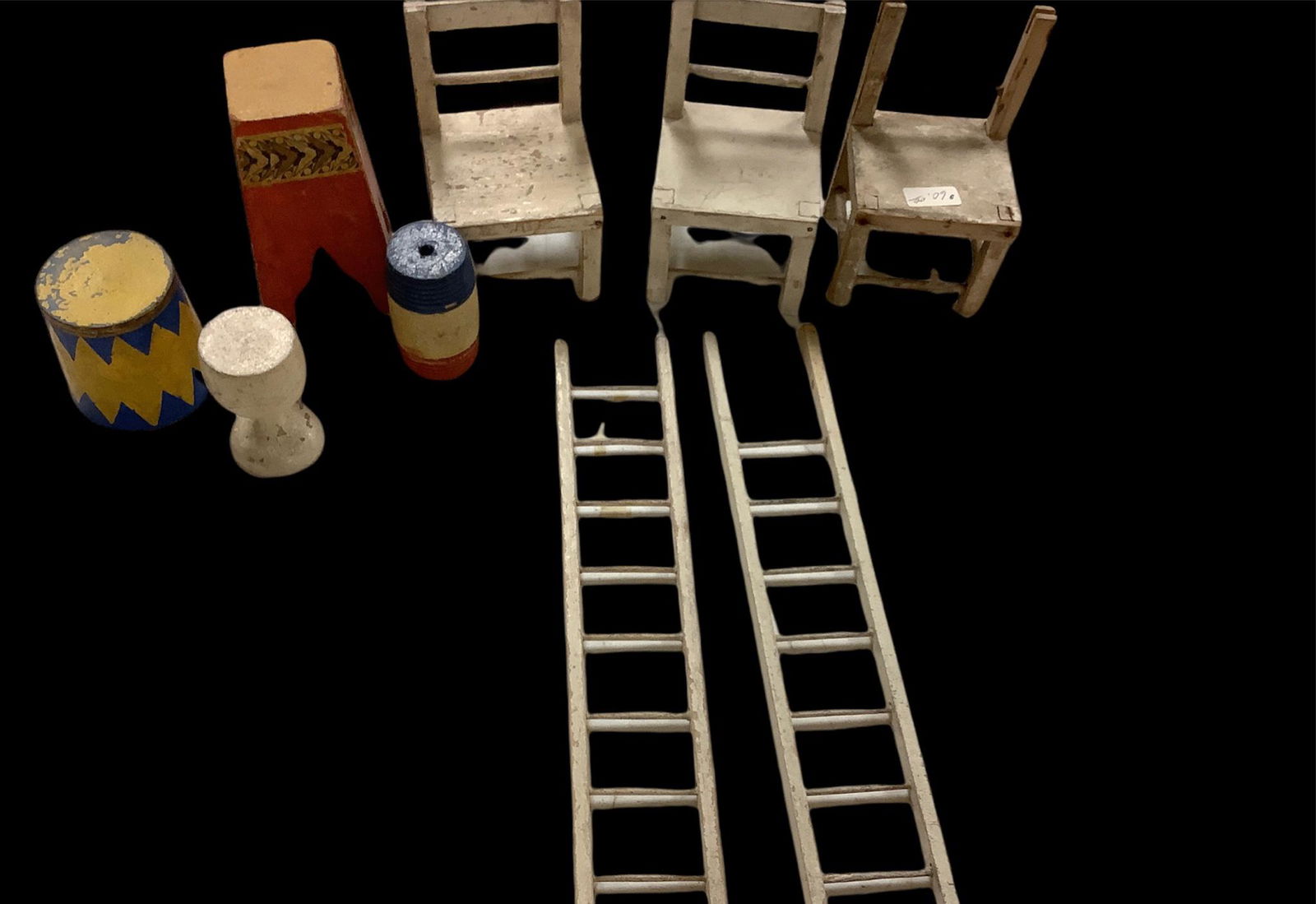 Schoenhut Circus wood accessories. Count of 9. With a (1 of 1)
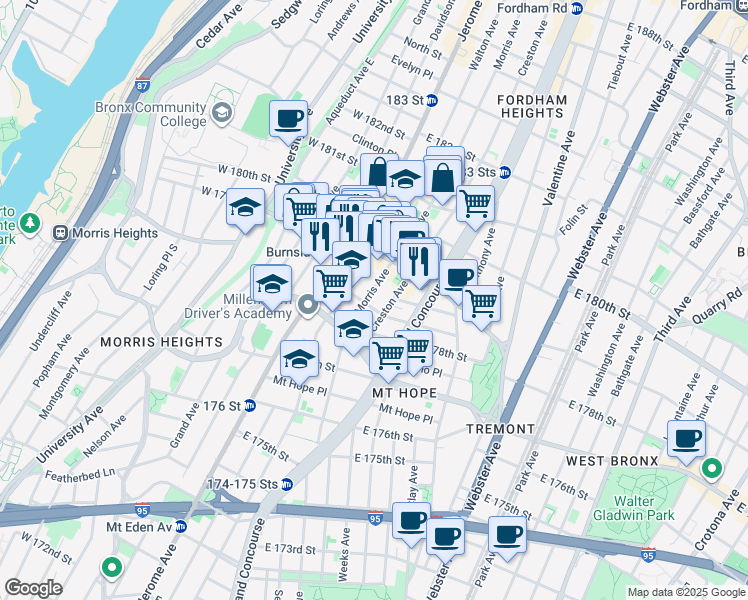 map of restaurants, bars, coffee shops, grocery stores, and more near 2021 Morris Avenue in The Bronx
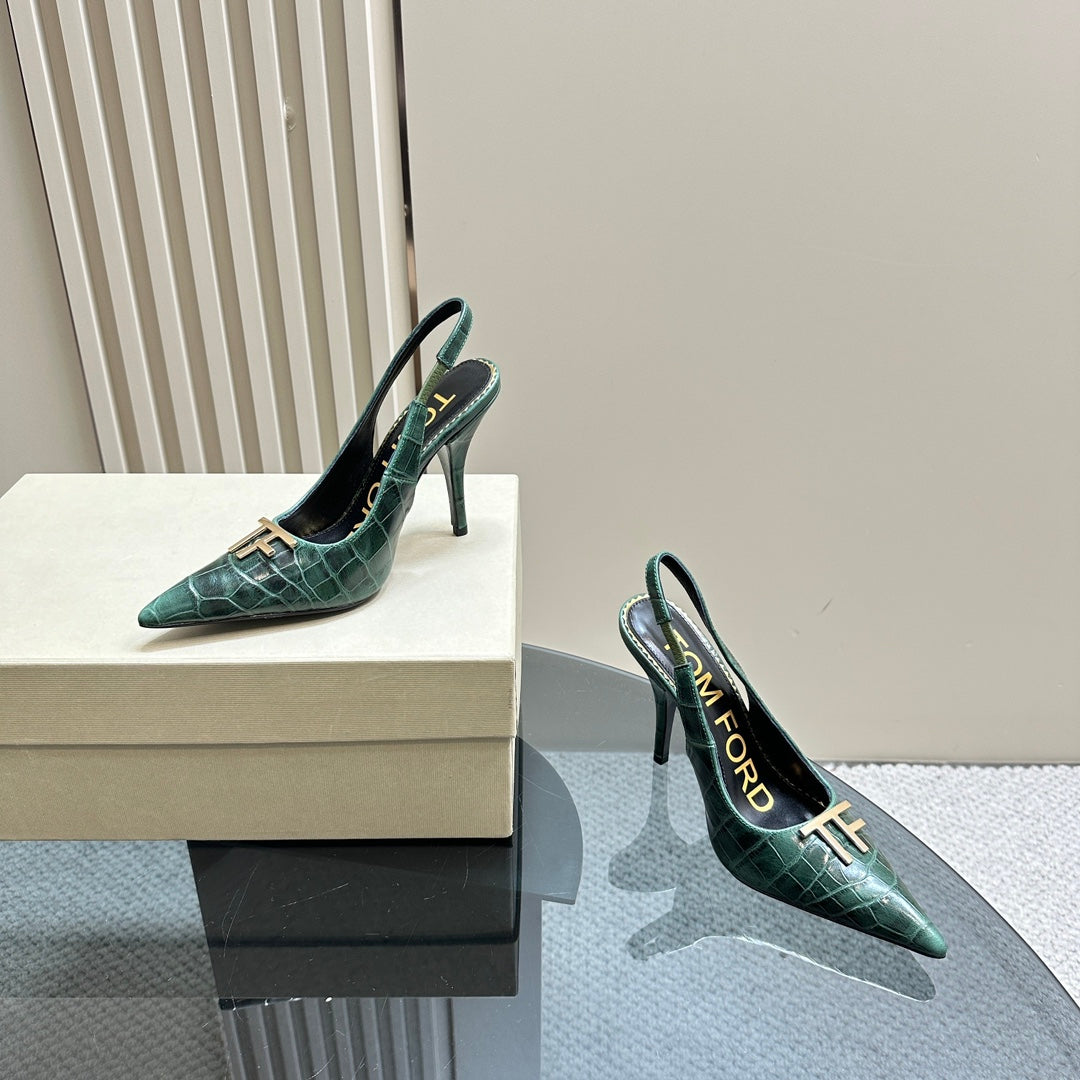 ANGELINA 10 CM SLINGBACK IN GREEN FOREST CROCODILE PATTERN CALFSKIN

+ + + + + + +

→ **Work to be completed**
Reproduce the listing exactly, but keep its images out of the copy.

→ **The completed task**
 Schoenhut Circus wood accessories. Count of 9. With a (1 of 1)
 map of restaurants, bars, coffee shops, grocery stores, and more near 2021 Morris Avenue in The Bronx
 ANGELINA 10 CM SLINGBACK IN GREEN FOREST CROCODILE PATTERN CALFSKIN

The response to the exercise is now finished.